That's all mind boggling enough, but then Carson has to contend with Nina's revelation that she also knew all about Milena's death and body being in the morgue all day, which was the big secret she had been working up the courage to tell him during their romantic walks through the park! And it also puts new light on her impulsive plan to just go with Carson to visit her parents in Gloucestershire as soon as possible - less love and more an attempt to escape the solution to the mystery that was looming over them! (And the initial seduction scene, to buy time for Libby to pack Milena's suitcases and leave with them) It says a lot that while Carson is suitably outraged by all of this, he gets over it pretty quickly, and that is probably because he never got to see Milena at all and started the relationship with Nina in the meantime! Moises even picks up on this during their standoff, nastily saying that if it had been Nina lying in the morgue that Carson wouldn't have been as relaxed about things! (Something that also implies that Moises had a more significant relationship with Milena than anyone, though Milena showed no interest in him in the early section of the film, and even rebuffed his advances) And while it is used as a weapon, there is a kernel of truth there too!
This is a fascinating film for the way that its taking something like the mystery-turned-romance of L'Avventura but actually giving it a solution rather than leaving the disappearance unclear! It seems to be taking a cue from an arthouse film then using it for a more youth-film genre piece, but it works really well here too. In the end Milena's death is (damningly) not the most important thing in the lives of these kids. Carson is not destroyed by the events in the way that group of beatniks are thown into brief disarray for their part in Milena's death. Although in a way Carson kicked these things off, and maybe prompted Milena's overdose by simply refusing to leave without seeing her. He certainly prompted her depression in the early scenes we see of her. Everyone's responsible!
We then get the magnificent final scene in the train station as Milena's father sadly watches her coffin get placed into the train and fills out the paperwork (the film seems to emphasise the amount of bureaucracy involved in death in these sections, with people thrusting clipboards with forms to sign towards the newly bereaved in order to return the clothes Milena was wearing (which is the revelation that Carson needs to go and confront Moises) or to sign to show that the coffin is on the train, and so on), while Carson pays his last respects but states he is going to stay in London for a while. Though he doesn't tell Milena's father that its because he met Nina!
Moises then surprisingly turns up and says that he's going to tell Milena's father the truth about what happened rather than let him live in ignorance. Carson tries to stop him but Nina says to let him go, as it is the only way that he will "grow up". We then see Moises confidently stride up to Milena's father but stops in his tracks when he sees the coffin and can only pay his respects before walking off with tears in his eyes.

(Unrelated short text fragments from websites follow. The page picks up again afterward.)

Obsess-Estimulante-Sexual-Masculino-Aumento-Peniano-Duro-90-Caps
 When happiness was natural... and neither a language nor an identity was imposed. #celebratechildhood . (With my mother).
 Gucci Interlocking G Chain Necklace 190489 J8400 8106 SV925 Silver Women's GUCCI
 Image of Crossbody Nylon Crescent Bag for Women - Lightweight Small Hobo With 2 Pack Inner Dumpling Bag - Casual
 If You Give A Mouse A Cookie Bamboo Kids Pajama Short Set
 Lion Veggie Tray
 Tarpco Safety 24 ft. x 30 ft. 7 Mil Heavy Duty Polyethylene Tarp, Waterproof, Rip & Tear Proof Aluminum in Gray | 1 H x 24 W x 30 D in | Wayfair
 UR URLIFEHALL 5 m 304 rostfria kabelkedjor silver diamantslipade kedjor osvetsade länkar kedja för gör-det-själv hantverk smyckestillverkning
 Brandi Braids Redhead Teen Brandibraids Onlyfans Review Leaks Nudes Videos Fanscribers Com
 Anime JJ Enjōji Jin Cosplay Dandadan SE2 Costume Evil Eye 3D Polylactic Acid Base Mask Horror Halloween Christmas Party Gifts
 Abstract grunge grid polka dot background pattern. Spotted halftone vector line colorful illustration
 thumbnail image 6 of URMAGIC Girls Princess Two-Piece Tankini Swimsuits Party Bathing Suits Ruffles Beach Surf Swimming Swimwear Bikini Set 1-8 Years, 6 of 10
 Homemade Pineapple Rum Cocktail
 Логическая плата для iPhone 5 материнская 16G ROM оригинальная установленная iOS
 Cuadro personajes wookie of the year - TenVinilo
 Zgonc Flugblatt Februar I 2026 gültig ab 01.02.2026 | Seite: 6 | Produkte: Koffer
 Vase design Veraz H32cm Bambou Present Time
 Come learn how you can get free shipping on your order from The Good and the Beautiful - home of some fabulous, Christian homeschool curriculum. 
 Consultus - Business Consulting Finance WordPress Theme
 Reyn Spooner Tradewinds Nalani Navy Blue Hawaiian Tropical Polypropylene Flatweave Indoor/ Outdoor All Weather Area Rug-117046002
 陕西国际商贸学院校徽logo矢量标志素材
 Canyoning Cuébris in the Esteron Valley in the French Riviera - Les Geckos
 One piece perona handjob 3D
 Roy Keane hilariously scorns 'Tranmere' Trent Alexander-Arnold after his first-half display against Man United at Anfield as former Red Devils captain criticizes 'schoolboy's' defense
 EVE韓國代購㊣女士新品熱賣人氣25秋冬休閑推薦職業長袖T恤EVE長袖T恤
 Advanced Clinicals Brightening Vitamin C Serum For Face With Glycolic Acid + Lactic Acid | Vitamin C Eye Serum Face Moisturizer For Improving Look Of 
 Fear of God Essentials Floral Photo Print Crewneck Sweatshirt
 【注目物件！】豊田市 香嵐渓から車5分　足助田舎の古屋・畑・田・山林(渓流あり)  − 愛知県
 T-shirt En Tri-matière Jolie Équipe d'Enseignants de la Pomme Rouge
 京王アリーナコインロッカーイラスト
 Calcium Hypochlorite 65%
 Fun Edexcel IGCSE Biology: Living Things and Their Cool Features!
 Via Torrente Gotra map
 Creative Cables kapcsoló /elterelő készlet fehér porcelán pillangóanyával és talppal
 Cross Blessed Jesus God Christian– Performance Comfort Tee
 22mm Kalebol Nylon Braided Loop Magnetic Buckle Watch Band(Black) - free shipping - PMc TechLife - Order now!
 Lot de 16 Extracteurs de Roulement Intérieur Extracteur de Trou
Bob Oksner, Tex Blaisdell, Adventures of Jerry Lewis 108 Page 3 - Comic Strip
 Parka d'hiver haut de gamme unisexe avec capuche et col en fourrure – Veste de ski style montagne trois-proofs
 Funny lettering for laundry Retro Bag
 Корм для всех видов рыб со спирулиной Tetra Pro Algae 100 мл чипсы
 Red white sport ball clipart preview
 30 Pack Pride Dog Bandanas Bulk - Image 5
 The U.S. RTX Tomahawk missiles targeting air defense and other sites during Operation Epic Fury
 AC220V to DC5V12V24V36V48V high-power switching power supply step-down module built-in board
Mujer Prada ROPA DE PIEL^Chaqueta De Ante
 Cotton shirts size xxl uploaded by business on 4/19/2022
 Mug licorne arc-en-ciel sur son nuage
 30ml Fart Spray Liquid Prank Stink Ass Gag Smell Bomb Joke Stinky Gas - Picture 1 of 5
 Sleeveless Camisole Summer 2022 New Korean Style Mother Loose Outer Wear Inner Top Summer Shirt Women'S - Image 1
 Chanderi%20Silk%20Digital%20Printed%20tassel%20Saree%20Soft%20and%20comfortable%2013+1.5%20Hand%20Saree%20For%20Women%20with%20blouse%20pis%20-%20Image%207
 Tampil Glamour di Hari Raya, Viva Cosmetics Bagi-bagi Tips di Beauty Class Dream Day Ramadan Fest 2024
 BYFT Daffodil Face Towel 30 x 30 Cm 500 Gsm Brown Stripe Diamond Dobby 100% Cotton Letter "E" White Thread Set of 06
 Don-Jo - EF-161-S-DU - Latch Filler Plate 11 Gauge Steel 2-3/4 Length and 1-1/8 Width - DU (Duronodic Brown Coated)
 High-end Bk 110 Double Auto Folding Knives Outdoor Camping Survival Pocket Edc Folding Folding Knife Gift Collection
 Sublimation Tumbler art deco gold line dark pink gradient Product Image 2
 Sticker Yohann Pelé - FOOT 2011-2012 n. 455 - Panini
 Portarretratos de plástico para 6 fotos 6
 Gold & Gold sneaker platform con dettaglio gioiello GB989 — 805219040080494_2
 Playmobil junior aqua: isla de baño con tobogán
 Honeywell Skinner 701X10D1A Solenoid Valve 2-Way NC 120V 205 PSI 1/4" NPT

He ends up in the arms of Libby, who can only bleat like a sheep at the rest of the gang as the beatniks walk out of the station.
Its a fascinating film. It begins a little poorly with its overly comic and cliched scenes of beatnik life and prank-pulling, but then does this handbrake tonal swerve into really dark territory from the halfway point that is stunning to witness. There is a point during the intense scene of Moises relating Milena's fate at the party when one of the more comic relief characters (the Cuban drummer guy who threw the party) interjects with a comment and its so jarring that it just seems like its coming from an entirely different universe! Which seems to be the intention, in showing how all these adolescent kids ended up doing some really horrible things!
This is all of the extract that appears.